Consider the listing below. Extract exactly the lines from the line containing "Boat bridge river" to the line containing "Dunkelblaue Gummistiefel mit", both included.
DATA FOR PROCESSING START
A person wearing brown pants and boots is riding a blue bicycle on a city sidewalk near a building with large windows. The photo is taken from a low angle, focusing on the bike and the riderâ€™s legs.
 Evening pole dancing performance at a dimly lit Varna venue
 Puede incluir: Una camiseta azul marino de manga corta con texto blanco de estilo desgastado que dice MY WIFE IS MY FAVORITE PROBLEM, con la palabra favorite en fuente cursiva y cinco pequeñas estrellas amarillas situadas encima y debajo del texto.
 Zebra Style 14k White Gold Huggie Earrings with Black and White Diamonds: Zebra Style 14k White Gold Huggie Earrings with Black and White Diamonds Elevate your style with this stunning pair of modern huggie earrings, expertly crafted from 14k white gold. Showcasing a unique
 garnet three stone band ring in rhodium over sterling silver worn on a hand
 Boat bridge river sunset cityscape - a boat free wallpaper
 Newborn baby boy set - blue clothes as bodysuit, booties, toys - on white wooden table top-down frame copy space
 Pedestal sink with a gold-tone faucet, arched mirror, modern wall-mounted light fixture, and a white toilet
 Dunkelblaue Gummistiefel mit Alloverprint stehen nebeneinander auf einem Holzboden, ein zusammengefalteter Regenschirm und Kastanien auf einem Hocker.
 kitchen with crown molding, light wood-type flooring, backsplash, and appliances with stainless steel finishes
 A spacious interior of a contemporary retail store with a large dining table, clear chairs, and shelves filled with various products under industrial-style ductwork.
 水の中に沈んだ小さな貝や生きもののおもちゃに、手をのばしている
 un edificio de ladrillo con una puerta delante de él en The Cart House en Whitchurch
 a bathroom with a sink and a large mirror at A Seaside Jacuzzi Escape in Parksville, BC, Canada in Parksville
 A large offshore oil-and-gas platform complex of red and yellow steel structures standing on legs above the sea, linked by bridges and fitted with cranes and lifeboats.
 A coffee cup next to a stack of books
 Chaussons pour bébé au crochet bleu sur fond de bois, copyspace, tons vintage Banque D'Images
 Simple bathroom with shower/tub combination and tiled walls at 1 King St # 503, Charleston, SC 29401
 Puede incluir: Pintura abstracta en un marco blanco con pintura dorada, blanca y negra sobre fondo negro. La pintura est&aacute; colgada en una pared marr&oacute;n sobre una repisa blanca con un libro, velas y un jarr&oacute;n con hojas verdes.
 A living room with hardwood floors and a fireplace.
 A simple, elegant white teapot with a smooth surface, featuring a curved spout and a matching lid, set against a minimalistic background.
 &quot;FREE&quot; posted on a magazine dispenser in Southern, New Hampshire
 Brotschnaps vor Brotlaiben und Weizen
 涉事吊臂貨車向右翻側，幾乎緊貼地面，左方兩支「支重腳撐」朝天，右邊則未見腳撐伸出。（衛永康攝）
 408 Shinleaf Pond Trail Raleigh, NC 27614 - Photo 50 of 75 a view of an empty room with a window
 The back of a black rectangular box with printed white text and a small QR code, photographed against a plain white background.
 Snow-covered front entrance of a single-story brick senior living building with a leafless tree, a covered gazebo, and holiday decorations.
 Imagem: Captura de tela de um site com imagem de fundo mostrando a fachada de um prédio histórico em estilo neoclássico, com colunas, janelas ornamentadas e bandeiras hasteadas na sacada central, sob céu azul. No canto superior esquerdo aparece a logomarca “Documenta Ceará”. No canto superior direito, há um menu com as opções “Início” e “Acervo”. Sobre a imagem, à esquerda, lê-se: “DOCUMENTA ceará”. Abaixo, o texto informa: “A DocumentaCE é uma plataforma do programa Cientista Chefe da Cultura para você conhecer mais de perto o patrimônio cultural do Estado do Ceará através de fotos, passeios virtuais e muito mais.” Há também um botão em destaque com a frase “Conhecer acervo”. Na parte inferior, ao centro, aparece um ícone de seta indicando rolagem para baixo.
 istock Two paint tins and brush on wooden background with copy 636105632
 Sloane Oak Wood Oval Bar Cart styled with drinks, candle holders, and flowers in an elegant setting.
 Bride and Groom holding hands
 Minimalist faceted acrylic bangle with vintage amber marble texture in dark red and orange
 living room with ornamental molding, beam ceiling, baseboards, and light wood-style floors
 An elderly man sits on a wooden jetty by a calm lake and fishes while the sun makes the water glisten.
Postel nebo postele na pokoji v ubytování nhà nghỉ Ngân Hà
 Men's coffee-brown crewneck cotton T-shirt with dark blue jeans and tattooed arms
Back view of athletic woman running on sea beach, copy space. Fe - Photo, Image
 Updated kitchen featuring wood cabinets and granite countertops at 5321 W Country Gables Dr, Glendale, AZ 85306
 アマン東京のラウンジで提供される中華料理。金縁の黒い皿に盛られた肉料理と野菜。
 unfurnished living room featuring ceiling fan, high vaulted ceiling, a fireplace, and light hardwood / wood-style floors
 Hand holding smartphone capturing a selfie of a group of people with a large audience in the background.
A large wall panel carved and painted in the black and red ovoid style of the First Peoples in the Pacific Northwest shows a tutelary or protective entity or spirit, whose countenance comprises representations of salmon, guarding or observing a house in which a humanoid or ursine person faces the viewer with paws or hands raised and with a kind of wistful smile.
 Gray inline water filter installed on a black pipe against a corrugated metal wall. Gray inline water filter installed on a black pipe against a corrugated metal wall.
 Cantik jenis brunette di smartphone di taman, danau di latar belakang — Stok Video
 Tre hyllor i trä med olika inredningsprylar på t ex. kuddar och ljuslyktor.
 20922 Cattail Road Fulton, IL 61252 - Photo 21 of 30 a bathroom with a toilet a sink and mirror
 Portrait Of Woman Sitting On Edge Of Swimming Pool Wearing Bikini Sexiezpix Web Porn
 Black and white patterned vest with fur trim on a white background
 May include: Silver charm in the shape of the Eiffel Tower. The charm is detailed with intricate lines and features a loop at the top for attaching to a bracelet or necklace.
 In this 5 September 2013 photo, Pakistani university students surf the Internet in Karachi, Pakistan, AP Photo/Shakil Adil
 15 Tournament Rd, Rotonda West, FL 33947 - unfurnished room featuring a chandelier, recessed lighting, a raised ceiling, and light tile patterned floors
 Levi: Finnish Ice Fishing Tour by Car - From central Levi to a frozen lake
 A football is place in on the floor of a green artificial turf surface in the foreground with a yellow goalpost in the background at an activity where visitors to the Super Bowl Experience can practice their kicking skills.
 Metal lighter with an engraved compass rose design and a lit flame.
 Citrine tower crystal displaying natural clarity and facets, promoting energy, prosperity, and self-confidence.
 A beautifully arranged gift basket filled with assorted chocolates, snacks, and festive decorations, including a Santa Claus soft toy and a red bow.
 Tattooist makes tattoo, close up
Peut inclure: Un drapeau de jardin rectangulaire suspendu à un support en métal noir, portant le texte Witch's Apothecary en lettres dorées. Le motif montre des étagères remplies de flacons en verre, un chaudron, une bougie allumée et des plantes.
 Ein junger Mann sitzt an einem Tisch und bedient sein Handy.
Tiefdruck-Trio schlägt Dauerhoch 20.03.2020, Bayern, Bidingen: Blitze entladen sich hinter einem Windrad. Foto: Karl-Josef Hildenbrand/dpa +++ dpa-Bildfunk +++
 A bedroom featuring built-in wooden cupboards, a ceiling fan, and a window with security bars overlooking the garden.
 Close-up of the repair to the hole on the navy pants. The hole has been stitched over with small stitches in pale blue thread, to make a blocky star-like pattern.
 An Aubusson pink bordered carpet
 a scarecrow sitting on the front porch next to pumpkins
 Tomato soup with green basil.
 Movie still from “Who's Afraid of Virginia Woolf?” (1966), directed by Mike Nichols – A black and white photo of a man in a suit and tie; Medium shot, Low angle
DATA FOR PROCESSING END
# [TASK SOLUTION]
 Boat bridge river sunset cityscape - a boat free wallpaper
 Newborn baby boy set - blue clothes as bodysuit, booties, toys - on white wooden table top-down frame copy space
 Pedestal sink with a gold-tone faucet, arched mirror, modern wall-mounted light fixture, and a white toilet
 Dunkelblaue Gummistiefel mit Alloverprint stehen nebeneinander auf einem Holzboden, ein zusammengefalteter Regenschirm und Kastanien auf einem Hocker.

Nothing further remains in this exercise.